Armi e guerre, il no chiaro e assoluto di Francesco

MONDO. Ripete e poi ancora ripete. C’è un uomo che non si stanca, punta il dito e chiede cocciutamente di guardare oltre. Non parla solo ai cristiani, perché i segni tragici del nostro mondo inquietano tutti (o dovrebbero farlo) in ogni luogo, in ogni angolo di mondo, in ogni frangente di tempo.

Papa Francesco è l’unico che si cimenta nell’impresa perché i segni di oggi invece di connotare la pienezza della nostra umanità ne indicano la sua distruzione. È accaduto anche a Natale, «segno» di consolazione, dono di cura per gli altri per via della storia di quel bambino di Betlemme, segno di speranza che spesso mandiamo delusa.
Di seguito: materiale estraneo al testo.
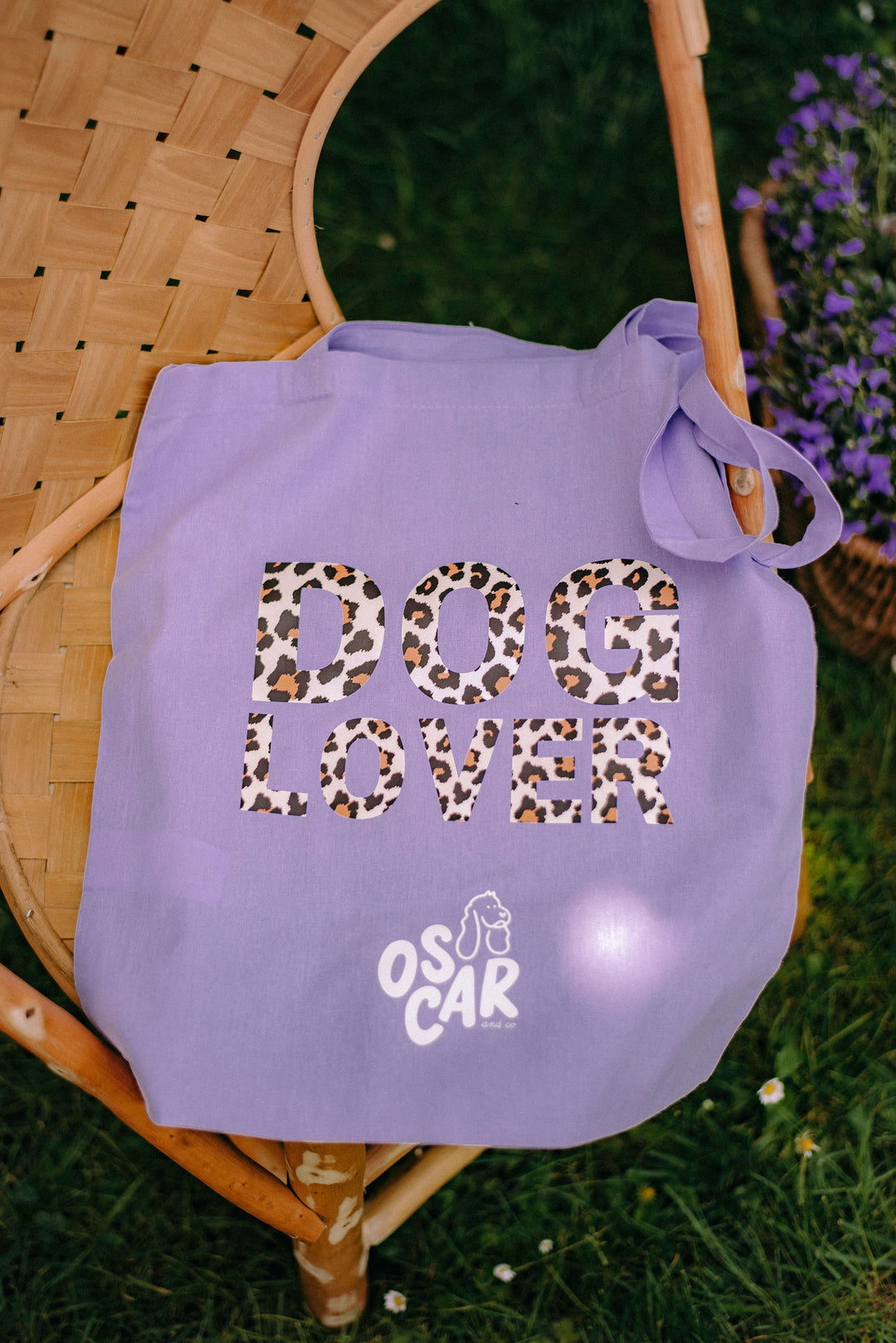 Sac DOG LOVER lilas/léopard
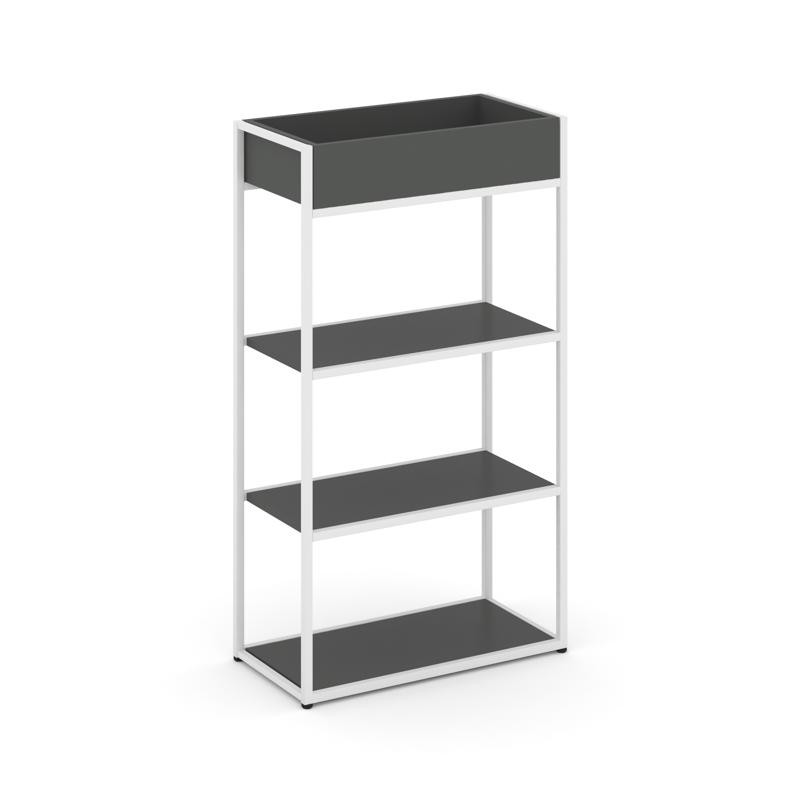Rift Стеллаж металлический высокий приставной RF.STM-003 Антрацит NEW/Металл Белый 796*350*1250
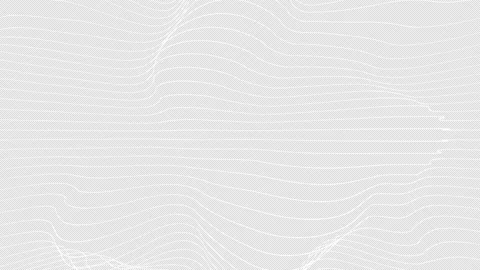 Waves of energy lines move across frame with alpha channel Stock Footage 197430481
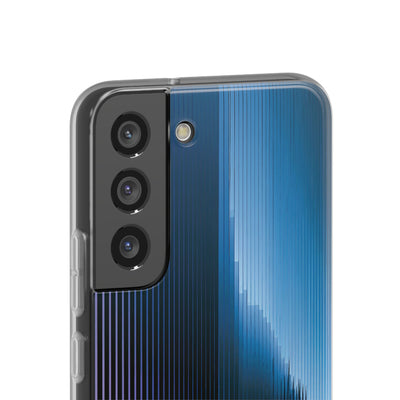 Blue Lite Phone Case for Samsung - Indigo Distortion Wave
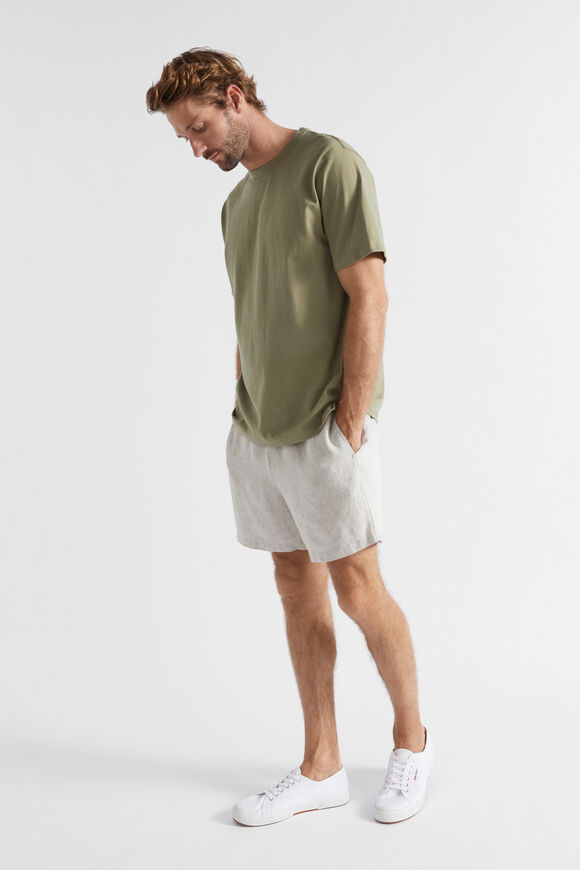 Linen Short  Ecru Crossdye  hi-res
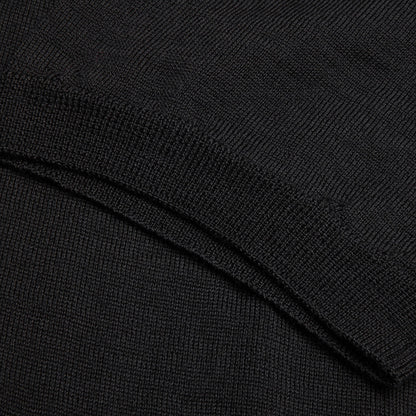 Red Emblem S/S V Neck Cardigan - Black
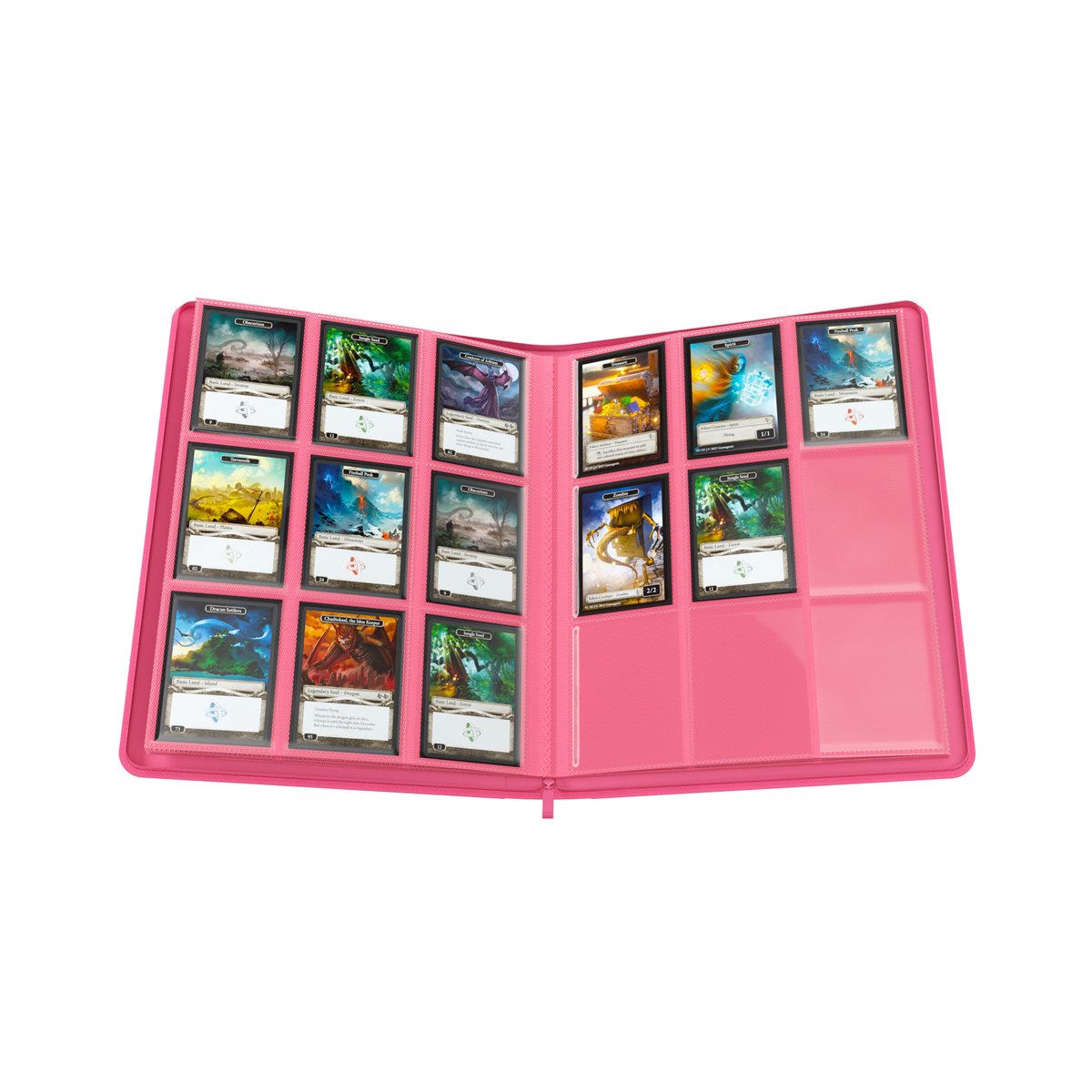 Zip-Up Album 18 Pocket: Pink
Il giorno di Natale non è stato diverso dagli altri drammatici che lo hanno preceduto. I segni sparsi nei media raccontano distruzione, irresponsabilità, geopolitiche perverse, avarizia dei cuori.

Eppure quell’uomo continua a credere e narrare la possibilità che finalmente ci sia altro, segni di gioia e fatica per la pace e che l’umanità l’intenda. In tre giorni di festa Francesco ha alzato la voce sopra la cattiveria del mondo con una parola di appena due lettere: «no». Altrimenti il mondo tradisce il segno indicato dagli angeli ai pastori. Sarebbe una follia per tutti, credenti e laici, la distruzione del segno dell’incarnazione, quel bambino diventato uno di noi, diventato augurio, speranza, valore e persino principio etico, insomma diventato uomo, che gli uomini tuttavia s’ingegnano ogni giorno a distruggere e seppellire. Davanti c’è solo il «no» del Papa, nitido, preciso, assoluto, inequivocabile e definitivo.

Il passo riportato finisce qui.